使用 Bison 的递归规则和使用它存储值时遇到问题

Troubles using Bison's recursive rules, and storing values using it

我正在尝试为 Newick 文件格式树制作一个 flex+bison 扫描器和解析器,以便对它们进行操作。实现的语法解释基于简化(标签和长度总是相同的类型,由 flex 返回)this example.

这本质上是一种文件格式的解析器,它表示具有一系列(递归)子树 and/or 叶子的树。 主树将始终以 ; 结束,并且所述树和其中的所有子树将包含一系列介于 )之间的节点,名称和长度在最右边的 parenthesis 的右边,由 name:length 指定,它们是可选的(您可以避免指定它们,将其中之一(name:length)或两者都放在 名称:长度).

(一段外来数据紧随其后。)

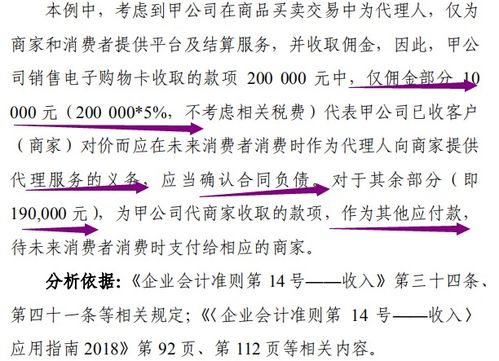新會(huì)計(jì)準(zhǔn)則合同負(fù)債,新會(huì)計(jì)準(zhǔn)則預(yù)收賬款合同負(fù)債,新會(huì)計(jì)準(zhǔn)則合同負(fù)債會(huì)計(jì)分錄
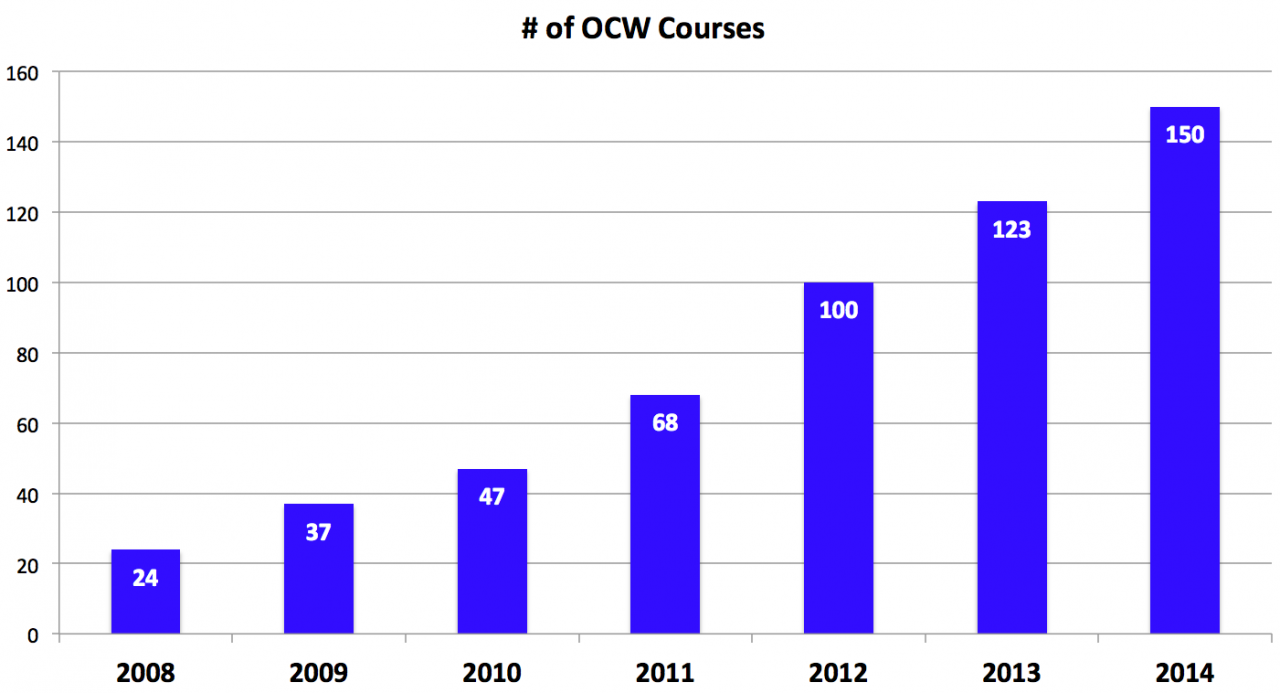 TU Delft OpenCourseWare in 2014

如果任何节点缺少名称或长度,将应用默认值。 (例如:'missingName''1'

一个例子是 (child1:4, child2:6)root:6; , ((child1Of1:2, child2Of1:9)child1:5, child2:6)root:6;

上述语法的实现如下(注意:我翻译了我自己的代码,因为它是用我的语言编写的,为了清楚起见,删除了很多附属内容):

    struct node {
        char* name; /*the node's assigned name, either from the file or from default values*/
        float length; /*node's length*/
    } dataOfNode;
}

 

%start tree
 
%token<dataOfNode> OP CP COMMA SEMICOLON COLON DISTANCE NAME

%type<dataOfNode> tree subtrees recursive_subtrees subtree leaf


%%

tree:   subtrees NAME COLON DISTANCE SEMICOLON          {} // with name and distance    
        | subtrees NAME SEMICOLON                       {} // without distance
        | subtrees COLON DISTANCE SEMICOLON             {} // without name
        | subtrees SEMICOLON                            {} // without name nor distance
        ;
    
    
subtrees:   OP recursive_subtrees CP                    {}
            ;   
        
            
recursive_subtrees: subtree                             {} // just one subtree, or the last one of the list         
                    | recursive_subtrees COMMA subtree  {} // (subtree, subtree, subtree...)        
    

subtree:    subtrees NAME COLON DISTANCE    {   $$.NAME= .name; $$.length = .length; $$.lengthAcum = $$.lengthAcum + .length;
                                                } // group of subtrees, same as the main tree but without ";" at the end, with name and distance                                        
            
            | subtrees NAME                 {   $$.name= .name; $$.length = 1.0;}             // without distance                                 
            
            | subtrees COLON DISTANCE       {   $$.name= "missingName"; $$.length = .length;} // without name                             
           
            | subtrees                      {   $$.name= "missingName"; $$.length = 1.0;}       // without name nor distance                            
            
            | leaf                          {   $$.name= .name; $$.length = .length;}       // a leaf
                    
                    
                    
leaf:   NAME COLON DISTANCE {   $$.name= $$.name; $$.length = .length;}       // with name and distance
        | NAME              {   $$.name= .name; $$.length = 1.0;}             // without distance
        | COLON DISTANCE    {   $$.name= "missingName"; $$.length = .length;} // without name
        |                   {   $$.name= "missingName"; $$.length = 1.0;}       // without name nor distance
        ;


%%

现在,假设我要区分每个子树和叶子的parent是谁,这样我就可以累加一个parent子树的长度与“最长”的长度" child,递归。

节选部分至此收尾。